IL PIANTO DELL’ ALBA ultima ombra per il Commissario Ricciardi, di Maurizio De Giovanni
Recensione 1
Maurizio De Giovanni: Il pianto dell’alba.
Questo è l’ultimo dei racconti con protagonista il commissario Ricciardi.
L’epilogo?
Certo che (e lo si può dire senza spoilerare, perché i fan di Ricciardi già lo sanno) il finale è brutto “ma brutto assai!”
Sin dalle prime pagine, l’autore lascia intuire quello che succederà.
Sin dalle prime pagine si avverte un senso di precarietà, di serenità provvisoria.
Si consuma subito un dramma e, questa volta, Ricciardi è coinvolto più del solito. I sensi di colpa si mescolano con i dubbi su ciò che può essere realmente accaduto, sul perché sia accaduto.
No, le cose non possono essere andate come la scena del delitto vorrebbe far credere, si può “fregare” tutti ma non Ricciardi, perché a lui i morti raccontano i loro ultimi istanti di vita ed in quella stanza, invece, tutto tace.
E quando Enrica gli chiede, sottovoce per non farsi sentire da Nelide, quale fossero state le ultime parole pronunciate, Ricciardi risponde amaramente “Non c’era!”
L’indagine è complicata, c’è qualche cosa di molto grosso dietro, persone molto potenti.
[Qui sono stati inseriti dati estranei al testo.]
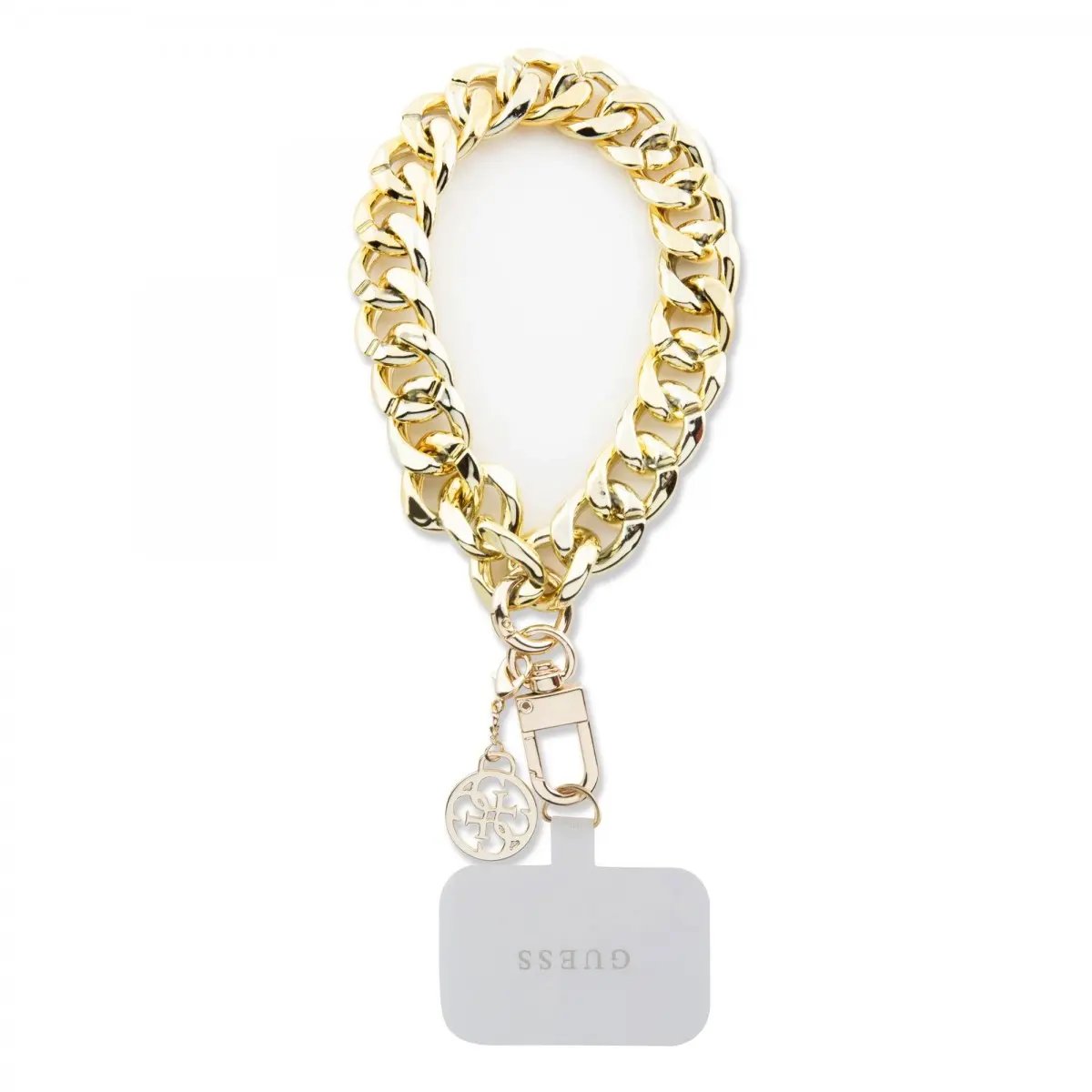 Guess Univerzální Popruh na Ruku 4G Charm Gold GUOUCBMC4MD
Ricciardi, Maione e Modo indagano, malgrado siano stati diffidati dal farlo, nonostante i grossi rischi.
Ed ancora una volta, grazie all’aiuto dell’insostituibile “Bambinella” e di molti altri che offriranno, più o meno spontaneamente, la loro collaborazione, si riuscirà ad arrivare alla verità.
Non uno dei migliori libri delle serie, sia per l’indagine complessa ed a tratti anche un po’ inverosimile e, soprattutto, come dicevo per il finale.
Ma sarà veramente la fine? Per due donne che escono di scena, ce ne sono altre due per le quali, secondo me, c’è ancora molto da dire, quindi, non ci resta che attendere…
Recensione di Paola Magaalotti
Recensione 2
“Il pianto dell’alba” è forse il romanzo più realistico che sia stato scritto da Maurizio De Giovanni.
La saga di Luigi Alfredo Ricciardi, commissario della squadra omicidi in servizio nella Regia Questura della Napoli dell’epoca fascista, termina esattamente come doveva terminare.
Perché il barone di Malomonte, come altrimenti conosciuto, non è che una lente d’ingrandimento, con cui lo scrittore napoletano scruta i fatti grigi e le emozioni nefaste della sua, della nostra Napoli, in un passato neanche tanto lontano. Modo, Maione, Bambinella, Livia, Falco sono esattamente non i personaggi di un romanzo, ma i protagonisti effettivi di un preciso scorcio d’epoca, caratterizzato da un clima funebre e funereo. Il “fatto” non è un fenomeno paranormale, in sé e per sé, è l’emblema dell’estrema, direi parossistica, sensibilità d’animo del nostro poliziotto, egli vede quello che gli altri, magari anche per l’ottusa propaganda del regime, non vedono: gli ultimi istanti delle morti violente, che sono poi gli ultimi singulti di un’era e di una società violenta, reazionaria, falsa, ipocrita, demagogica, che sfocerà a breve in ben altri lutti.
Tutte le cose belle della vita terminano, è un dato di fatto: ma hanno di bello anche il fatto che sono ripetibili, la vita si rinnova sempre. Perciò il capitolo finale non è struggente, è bensì un canto di speranza: assume la forma di un pianto, certo, ma la voce di una bambina è sempre un canto. Che echeggia non più nel buio del fascismo, ma nella luce dell’alba.